Exercise aim:
The records below are to be repeated exactly, minus any pictures.
START Data for the task
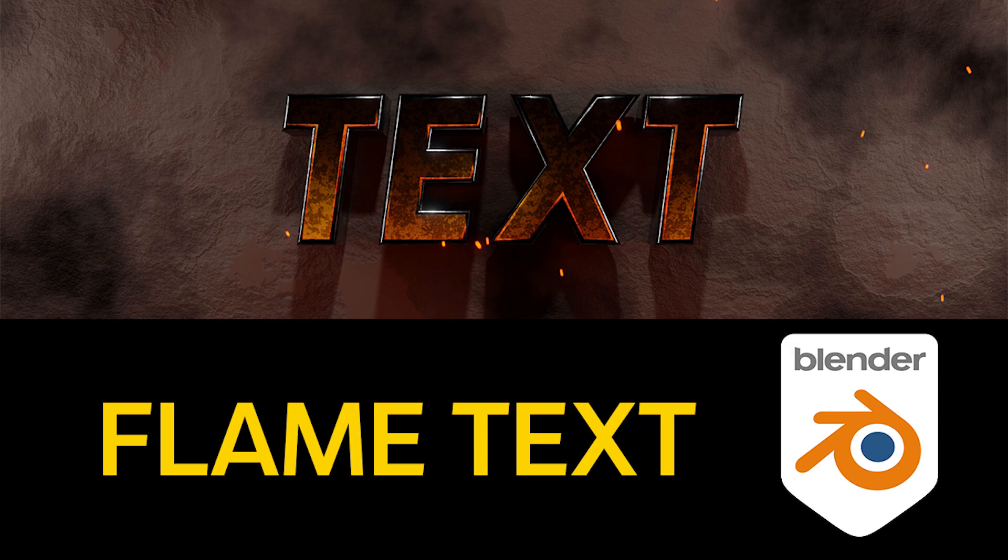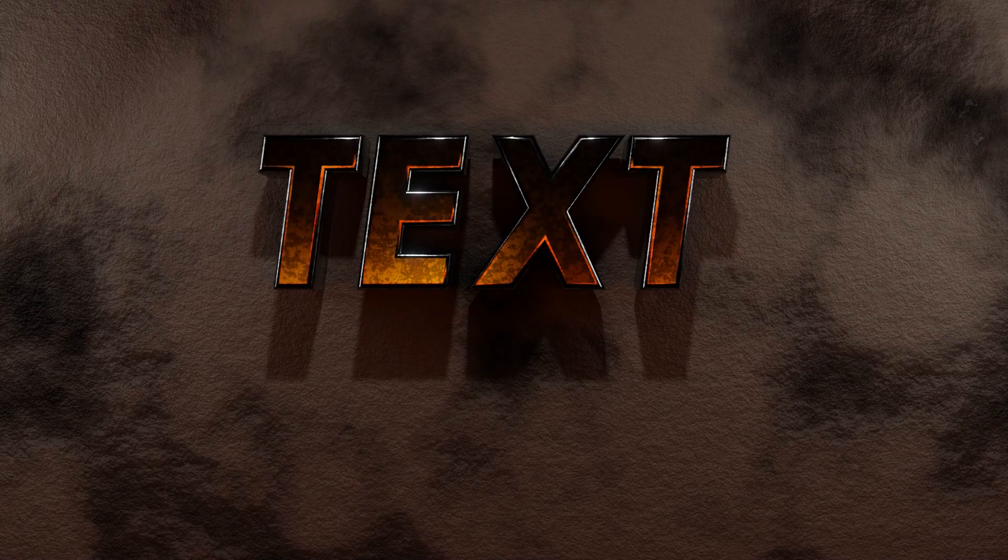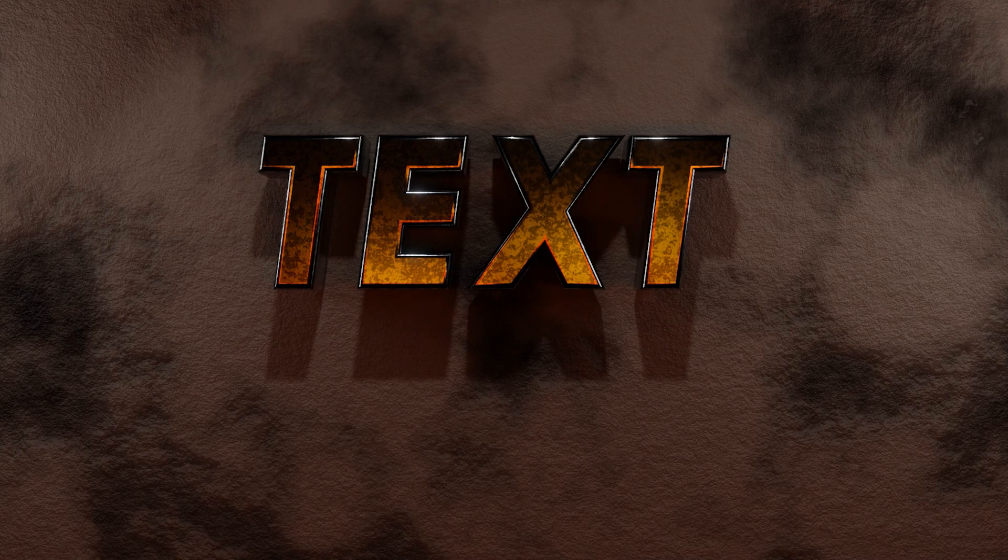Hey guys, and in this video I'm going to be showing you how you can create this really cool looking fiery text effect in Blender.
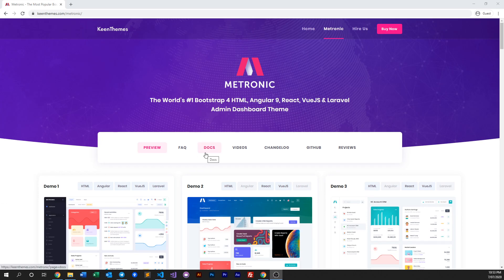Hello everyone, welcome back to another video of Metronic. In this video we will discuss in more detail how you can customize Metronic's layout.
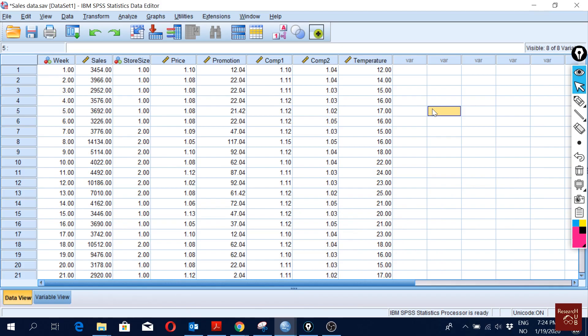Hello everyone. In the previous videos I have shown you how to do multiple regression analysis, and in this video I am going to show you how to check for multicollinearity in a regression analysis. The first question is: what is multicollinearity? We should maybe first focus on what is collinearity.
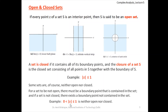An example of a set that is neither open nor closed is a disk with a deleted center: the boundary on one side is included while on the other side it is not, so it satisfies neither condition.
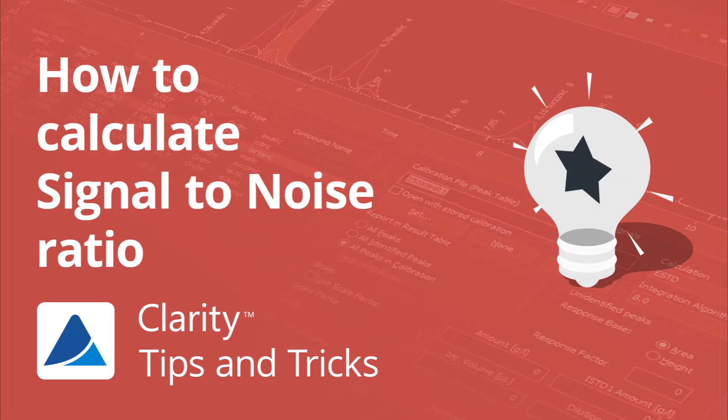Hello, in this video, I will show you how to calculate the signal-to-noise ratio in Clarity.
END Data for the task
Exercise result:
Hey guys, and in this video I'm going to be showing you how you can create this really cool looking fiery text effect in Blender.
Hello everyone, welcome back to another video of Metronic. In this video we will discuss in more detail how you can customize Metronic's layout.
Hello everyone. In the previous videos I have shown you how to do multiple regression analysis, and in this video I am going to show you how to check for multicollinearity in a regression analysis. The first question is: what is multicollinearity? We should maybe first focus on what is collinearity.
An example of a set that is neither open nor closed is a disk with a deleted center: the boundary on one side is included while on the other side it is not, so it satisfies neither condition.
Hello, in this video, I will show you how to calculate the signal-to-noise ratio in Clarity.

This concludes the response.